背景:精准医疗管道通常从变体呼叫开始,以识别疾病相关突变,以进行最佳治疗选择。无参考方法通过利用德布鲁因图来评估不同个体的遗传谱的变化。然而,大规模测序数据的及时分析可能超出了单个工作站的能力,需要替代的计算方法。结果:我们通过并行利用多台机器的计算资源,引入了已知的首个用于检测分离snp(单核苷酸多态性)的分布式管道。由于使用了分布式De Bruijn图表示,我们的管道有效地分析了大型数据集。此外,我们引入了一种聚类驱动算法,根据待分析序列的内部结构在多个独立的机器上划分De Bruijn图,从而进一步提高了管道的可扩展性。结论:我们在真实数据集上进行的实验结果表明,我们的管道在效率、输出质量和可扩展性方面表现良好。此外,报告的结果还证实,与使用标准分区技术相比,为De Bruijn图的分布式表示采用专门的分区算法可以带来相关的性能加速。
本文章由计算机程序翻译,如有差异,请以英文原文为准。
A scalable distributed pipeline for reference-free variants calling.

Background: Precision medicine pipelines typically begin with variant calling to identify disease-related mutations for optimal treatment selection. Reference-free approaches assess variations in the genetic profiles of distinct individuals through the utilization of a De Bruijn graph. However, the timely analysis of large-scale sequencing data may be beyond the capabilities of single workstations, requiring alternative computational approaches.

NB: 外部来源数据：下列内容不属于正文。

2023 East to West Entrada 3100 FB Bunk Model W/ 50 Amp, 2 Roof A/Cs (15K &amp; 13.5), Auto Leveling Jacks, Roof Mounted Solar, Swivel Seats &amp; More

Results: We introduce the first-known distributed pipeline for detecting isolated SNPs (Single Nucleotide Polymorphisms), by leveraging the computational resources of multiple machines in parallel. Our pipeline efficiently analyzes large datasets thanks to the usage of a distributed De Bruijn graph representation. Furthermore, we introduce a cluster-driven algorithm to partition the De Bruijn graph across multiple independent machines according to the inner structure of the sequences under analysis, thus further improving the scalability of our pipeline.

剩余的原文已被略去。